WORK REQUIRED
The lines below, from the one holding "April - escort in Dammam Photo 4 of 4" through the final line, are to be copied exactly, with no other lines and no pictures.

RECORDED INFORMATION
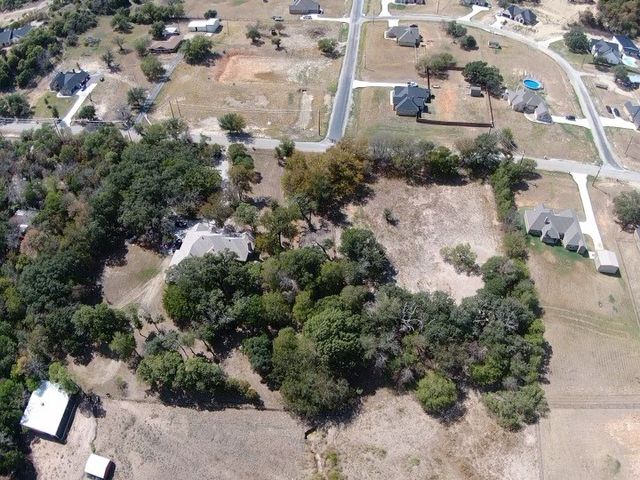 351 Sandlin Lane, Springtown, TX 76082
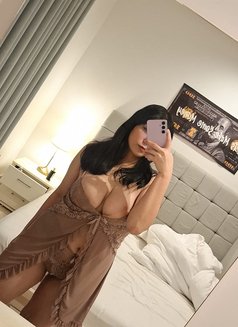 April - escort in Dammam Photo 4 of 4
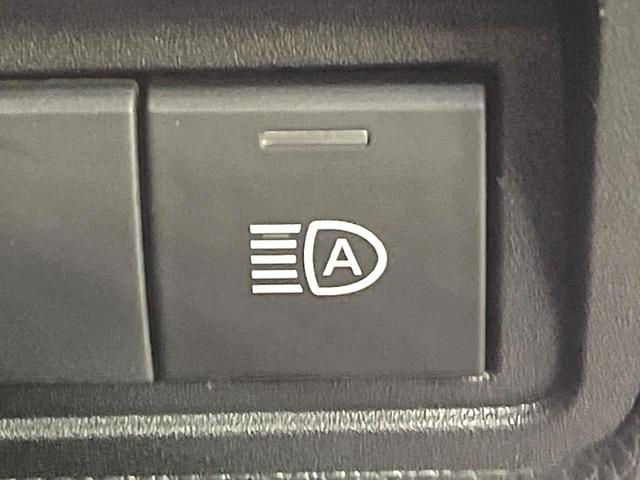 ヤリスクロス Ｘ　ＳＤナビ　バックカメラ　衝突被害軽減システム　レーダークルーズ　禁煙車　ドラレコ　コーナーセンサー　スマートキー　ＥＴＣ　車線逸脱警報　オートライト　Ｂｌｕｅｔｏｏｔｈ　フルセグ（34枚目）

WRITTEN ANSWER
 April - escort in Dammam Photo 4 of 4
 ヤリスクロス Ｘ　ＳＤナビ　バックカメラ　衝突被害軽減システム　レーダークルーズ　禁煙車　ドラレコ　コーナーセンサー　スマートキー　ＥＴＣ　車線逸脱警報　オートライト　Ｂｌｕｅｔｏｏｔｈ　フルセグ（34枚目）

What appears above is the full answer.